Pasukan Tariq berhadapan dengan Pasukan Roderic dalam perang yang sangat menentukan di dekat Sungai Guadalete. Keberhasilan Tariq dan pasukannya kemudian disempurnakan oleh Musa bin Nusyair, yang saat itu menjabat Gubernur Kawasan Afrika Utara yang menjadi bagian dari Dinasti Bani Umayyah. Musa mengendalikan wilayah kekuasaannya dari Kairouan, yang kini masuk wilayah Tunisia.
Saat Bani Umayyah runtuh dikalahkan oleh Bani Abbasiah tahun 750 M, yang kemudian memindahkan ibukotanya dari Damaskus ke Bagdad, seluruh keluarga Bani Umayyah dibunuh. Hanya Abdurrahman yang selamat, karena pada saat pembantaian dilakukan ia sedang sakit, sehingga tidak berada dalam rombongan keluarga.
Abdurrahman adalah salah seorang Keponakan dari Marwan II ibn Muhammad yang merupakan Khalifah terakhir Bani Umayyah, yang ikut terbunuh saat peralihan kekuasaan ke Bani Abbasiyah.

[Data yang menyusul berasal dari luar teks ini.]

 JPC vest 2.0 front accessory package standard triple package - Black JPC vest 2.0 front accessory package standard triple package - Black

Waktu itu Abdurrahman masih berusia 19 tahun, karena merasa nyawanya terancam kemudian melarikan diri menuju Andalusia, sebutan Iberia bagi bangsa Arab yang berarti wilayah baru.

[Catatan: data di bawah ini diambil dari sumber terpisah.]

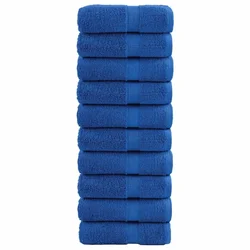 Premium ručnici za pranje SOLUND 10 kom plavi 30x30 cm 600 g/m2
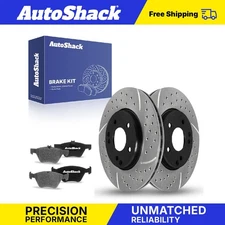 Front Drilled Slotted Brake Rotors Ceramic Pads for Chrysler Crossfire V6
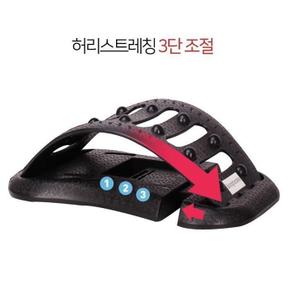 [런웨이브] 3단조절 허리스트레칭기 스트레칭 허리운동 (S6062592)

Ada dua alasan mengapa ia memilih Andalusia: Pertama, karena Andalusia masih dikuasai oleh para pengikut Bani Umayyah dan para pejabatnya diangkat oleh keluarganya. Kedua, wilayah ini secara geografis sangat jauh dari Bagdad, dimana musuhnya berkuasa, sehinga keberadaannya akan sulit dijangkau.

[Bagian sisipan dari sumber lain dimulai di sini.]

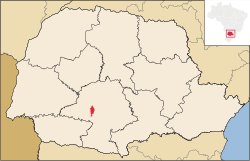 Location in the state of Paraná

Dalam pelariannya Abdurrahman terus dikejar oleh pasukan Abbasiyah. Ia melewati kota-kota dengan cara menyamar untuk menghindari para Penguasa setempat yang menjadi loyalis Abbasiyah, dan melewati padang pasir, serta melawan teriknya panas matahari sepanjang perjalanannya, dengan hanya ditemani seorang penunjuk jalan yang menjadi saksi kegigihannya. Berkali-kali dirinya menghadapi situasi antara hidup dan mati melawan ganasnya alam.
Saat tiba di wilayah paling ujung benua Afrika yang bernama Maroko saat ini, ia menemui keluarga ibunya yang menyambut kedatangannya dengan sangat antusias. Ia kemudian diberitahu bahwa Penguasa di Andalusia saat ini sudah menyatakan diri independen dan tidak lagi menjadi bagian dari Dinasti Umayyah. Karena itu, dirinya diingatkan untuk berhati-hati, karena kehadirannya bisa dilihat sebagai ancaman terhadap penguasa setempat.
Mendengar informasi ini, Abdurrahman kemudian mulai mengumpulkan para loyalisnya di Maroko, dan dengan pasukan kecil ia menyebrang ke Andalusia. Ia mengirim utusan ke sejumlah penguasa setempat, dan pada saat bersamaan ia bersembunyi. Hasil diplomasi ini memberikan peta detail siapa-siapa yang bisa diajak berkolaborasi dan siapa yang tidak, serta siapa yang tidak termasuk kategori keduanya.
Selain itu, Abdurrahman juga mengetahui persaingan diantara para penguasa yang ada. Ia kemudian mengawali kolaborasinya dengan para penguasa yang bersedia menerimanya. Selanjutnya ia melancarkan perang dan diplomasi secara bersamaan. Setelah berjuang selama lima tahun, ia berhasil menaklukan dan menyatukan seluruh wilayah warisan leluhurnya. Ia memilih Cordoba sebagai ibukota untuk mengendalikan wilayah kekuasaannya yang sangat luas.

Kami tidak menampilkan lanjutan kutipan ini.